For a long time now, Clinton was ridiculously crediting his 1993 tax hike for the economic expansion that boomed at the end of the decade.
It was a quiet boast, at the time (before his post-Katrina rehabilitation), and roundly ridiculed and dismissed--by almost everyone-- as just another pathetic attempt by the impeached president to scrape up some credit for the only positive thing about his disgraced presidency that he could hang his hat on (if only by his fortuitous presence), an expanding economy, and so the boast, buried among countless others and made vaporous by Clinton's well-earned reputation for saying things that mean nothing, was forgotten.
Indeed, to say that his "Emergency Economic Stimulus Bill" was the Prime Mover of an expansion that (1) began a year before he took office, (2) was stalled with hiccupping interest rates after the tax-hikes were passed in his first year, (3) trudged anemically along while Hillary tried--and failed--to socialize 1/7 of the macroeconomy (the health service field), (4) but then began to trot
after the Republicans and their "Contract With America" consequentially took over both houses of congress in the '94 midterm elections (
forcing Clinton to cut taxes, balance the budget, and reform welfare), (5) all in tandem with the accelerating Tech Revolution (a revolution on par with the preceding Industrial and Agricultural Revolution in being a milestone for human civilization, and driven by a Bill named Gates) that (6) began to balloon faster and bigger than Clinton's own big, FAT, HEAD (because of a climate that Fed Chairman Alan Greenspan described as being driven by "irrational exuberance" during the dot.com craze), and (7) had more inflated numbers behind it due to the book-cooking of megacorporations like Enron and Worldcom by mega-accountants like Arthur Anderson (both 6 & 7 paying the piper in Bush 43's first year in office), to say that Clinton's 1993 "emergency economic stimulus bill" (i.e. the historically huge tax-hike) provided the wings for that economic flight--as he himself did say--is worthy of derision and became eminently forgettable.
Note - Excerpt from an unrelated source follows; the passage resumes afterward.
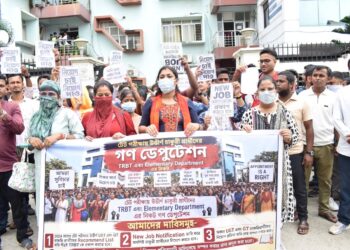 দ্রুত নিয়োগের দাবিতে সরব ২০২৪ সালের টেট উত্তীর্ণ UGT ও GT চাকরিপ্রার্থীরা। সোমবার TRBT চেয়ারম্যানের কাছে ডেপুটেশন দিয়ে নিয়োগ প্রক্রিয়া দ্রুত সম্পন্ন করার দাবি জানান তাঁরা।
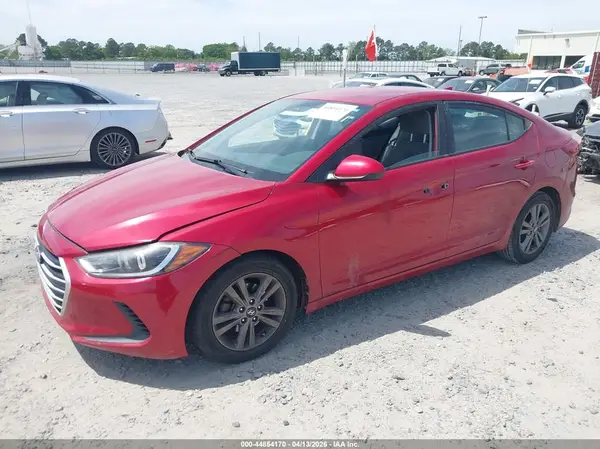 5NPD84LF0JH219949 2018 HYUNDAI ELANTRA - Image 2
But I remember, and after eight years of all the above falling away into the past like a sunken ship falling through the depths-- while being mythologized by landlubbing yarn-spinners-- it is that vicissitudinal history which has been forgotten, and that one quiet, self-aggrandizing and rightfully ridiculed assessment from long ago that will float to the surface: "It was the 1993 Emergency Economic Stimulus bill that was responsible for the unprecedented (whatever) prosperity of the Clinton Era (the late 1990's, anyway)."
He got away with saying that because of a media that was a propaganda arm of the Democratic Party.
And a President Obama will get away with saying that, too, easily, because the media has now become two arms and two legs for the Democratic Party.